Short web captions
--- START ---
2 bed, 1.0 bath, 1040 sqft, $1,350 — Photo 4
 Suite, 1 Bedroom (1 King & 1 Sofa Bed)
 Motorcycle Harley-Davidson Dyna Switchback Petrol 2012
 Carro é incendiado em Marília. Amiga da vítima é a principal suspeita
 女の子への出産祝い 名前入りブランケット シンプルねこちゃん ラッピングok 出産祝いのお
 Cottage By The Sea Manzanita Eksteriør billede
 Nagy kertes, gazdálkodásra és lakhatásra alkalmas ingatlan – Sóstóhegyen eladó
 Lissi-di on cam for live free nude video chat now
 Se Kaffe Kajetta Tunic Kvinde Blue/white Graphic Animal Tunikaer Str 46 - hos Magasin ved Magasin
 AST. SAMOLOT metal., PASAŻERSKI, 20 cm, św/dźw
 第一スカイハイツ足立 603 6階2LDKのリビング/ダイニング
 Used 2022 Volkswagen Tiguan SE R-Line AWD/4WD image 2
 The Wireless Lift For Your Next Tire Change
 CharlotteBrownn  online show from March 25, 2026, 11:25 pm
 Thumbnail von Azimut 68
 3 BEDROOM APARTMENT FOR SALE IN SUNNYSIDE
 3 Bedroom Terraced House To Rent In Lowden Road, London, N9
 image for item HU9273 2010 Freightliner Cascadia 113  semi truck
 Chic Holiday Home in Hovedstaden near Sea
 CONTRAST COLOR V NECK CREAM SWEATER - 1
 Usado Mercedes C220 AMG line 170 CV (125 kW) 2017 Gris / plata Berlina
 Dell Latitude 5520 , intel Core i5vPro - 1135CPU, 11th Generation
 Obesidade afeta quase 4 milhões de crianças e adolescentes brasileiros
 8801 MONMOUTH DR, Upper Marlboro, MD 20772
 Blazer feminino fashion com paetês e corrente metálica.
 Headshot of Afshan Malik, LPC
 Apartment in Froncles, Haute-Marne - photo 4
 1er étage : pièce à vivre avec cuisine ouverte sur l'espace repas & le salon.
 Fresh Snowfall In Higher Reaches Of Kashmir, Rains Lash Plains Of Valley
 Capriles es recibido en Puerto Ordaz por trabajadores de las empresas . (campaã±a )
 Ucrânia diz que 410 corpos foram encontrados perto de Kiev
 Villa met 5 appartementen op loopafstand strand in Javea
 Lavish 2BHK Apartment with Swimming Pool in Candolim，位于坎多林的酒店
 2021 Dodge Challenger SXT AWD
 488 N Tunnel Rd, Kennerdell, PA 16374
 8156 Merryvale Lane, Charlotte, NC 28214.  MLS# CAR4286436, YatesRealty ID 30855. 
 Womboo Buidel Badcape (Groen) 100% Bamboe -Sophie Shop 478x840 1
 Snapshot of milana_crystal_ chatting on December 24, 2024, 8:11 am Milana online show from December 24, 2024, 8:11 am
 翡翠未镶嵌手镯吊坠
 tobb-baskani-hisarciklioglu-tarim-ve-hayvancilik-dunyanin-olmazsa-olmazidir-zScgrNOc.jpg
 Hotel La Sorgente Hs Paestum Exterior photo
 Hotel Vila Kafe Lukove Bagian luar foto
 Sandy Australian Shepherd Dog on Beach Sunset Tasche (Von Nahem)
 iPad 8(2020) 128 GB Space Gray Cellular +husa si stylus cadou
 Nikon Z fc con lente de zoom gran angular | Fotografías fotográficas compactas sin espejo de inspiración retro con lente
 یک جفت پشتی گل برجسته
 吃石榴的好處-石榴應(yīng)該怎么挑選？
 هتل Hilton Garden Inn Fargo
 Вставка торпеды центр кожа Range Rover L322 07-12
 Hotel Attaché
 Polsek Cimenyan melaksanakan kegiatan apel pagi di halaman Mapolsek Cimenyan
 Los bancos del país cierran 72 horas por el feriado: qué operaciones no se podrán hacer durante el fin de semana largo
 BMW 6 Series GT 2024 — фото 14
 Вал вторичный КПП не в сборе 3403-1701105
--- END ---
*What is needed*.
I would like you to output every record exactly as written.

*Completed exercise*.
2 bed, 1.0 bath, 1040 sqft, $1,350 — Photo 4
 Suite, 1 Bedroom (1 King & 1 Sofa Bed)
 Motorcycle Harley-Davidson Dyna Switchback Petrol 2012
 Carro é incendiado em Marília. Amiga da vítima é a principal suspeita
 女の子への出産祝い 名前入りブランケット シンプルねこちゃん ラッピングok 出産祝いのお
 Cottage By The Sea Manzanita Eksteriør billede
 Nagy kertes, gazdálkodásra és lakhatásra alkalmas ingatlan – Sóstóhegyen eladó
 Lissi-di on cam for live free nude video chat now
 Se Kaffe Kajetta Tunic Kvinde Blue/white Graphic Animal Tunikaer Str 46 - hos Magasin ved Magasin
 AST. SAMOLOT metal., PASAŻERSKI, 20 cm, św/dźw
 第一スカイハイツ足立 603 6階2LDKのリビング/ダイニング
 Used 2022 Volkswagen Tiguan SE R-Line AWD/4WD image 2
 The Wireless Lift For Your Next Tire Change
 CharlotteBrownn  online show from March 25, 2026, 11:25 pm
 Thumbnail von Azimut 68
 3 BEDROOM APARTMENT FOR SALE IN SUNNYSIDE
 3 Bedroom Terraced House To Rent In Lowden Road, London, N9
 image for item HU9273 2010 Freightliner Cascadia 113  semi truck
 Chic Holiday Home in Hovedstaden near Sea
 CONTRAST COLOR V NECK CREAM SWEATER - 1
 Usado Mercedes C220 AMG line 170 CV (125 kW) 2017 Gris / plata Berlina
 Dell Latitude 5520 , intel Core i5vPro - 1135CPU, 11th Generation
 Obesidade afeta quase 4 milhões de crianças e adolescentes brasileiros
 8801 MONMOUTH DR, Upper Marlboro, MD 20772
 Blazer feminino fashion com paetês e corrente metálica.
 Headshot of Afshan Malik, LPC
 Apartment in Froncles, Haute-Marne - photo 4
 1er étage : pièce à vivre avec cuisine ouverte sur l'espace repas & le salon.
 Fresh Snowfall In Higher Reaches Of Kashmir, Rains Lash Plains Of Valley
 Capriles es recibido en Puerto Ordaz por trabajadores de las empresas . (campaã±a )
 Ucrânia diz que 410 corpos foram encontrados perto de Kiev
 Villa met 5 appartementen op loopafstand strand in Javea
 Lavish 2BHK Apartment with Swimming Pool in Candolim，位于坎多林的酒店
 2021 Dodge Challenger SXT AWD
 488 N Tunnel Rd, Kennerdell, PA 16374
 8156 Merryvale Lane, Charlotte, NC 28214.  MLS# CAR4286436, YatesRealty ID 30855. 
 Womboo Buidel Badcape (Groen) 100% Bamboe -Sophie Shop 478x840 1
 Snapshot of milana_crystal_ chatting on December 24, 2024, 8:11 am Milana online show from December 24, 2024, 8:11 am
 翡翠未镶嵌手镯吊坠
 tobb-baskani-hisarciklioglu-tarim-ve-hayvancilik-dunyanin-olmazsa-olmazidir-zScgrNOc.jpg
 Hotel La Sorgente Hs Paestum Exterior photo
 Hotel Vila Kafe Lukove Bagian luar foto
 Sandy Australian Shepherd Dog on Beach Sunset Tasche (Von Nahem)
 iPad 8(2020) 128 GB Space Gray Cellular +husa si stylus cadou
 Nikon Z fc con lente de zoom gran angular | Fotografías fotográficas compactas sin espejo de inspiración retro con lente
 یک جفت پشتی گل برجسته
 吃石榴的好處-石榴應(yīng)該怎么挑選？
 هتل Hilton Garden Inn Fargo
 Вставка торпеды центр кожа Range Rover L322 07-12
 Hotel Attaché
 Polsek Cimenyan melaksanakan kegiatan apel pagi di halaman Mapolsek Cimenyan
 Los bancos del país cierran 72 horas por el feriado: qué operaciones no se podrán hacer durante el fin de semana largo
 BMW 6 Series GT 2024 — фото 14
 Вал вторичный КПП не в сборе 3403-1701105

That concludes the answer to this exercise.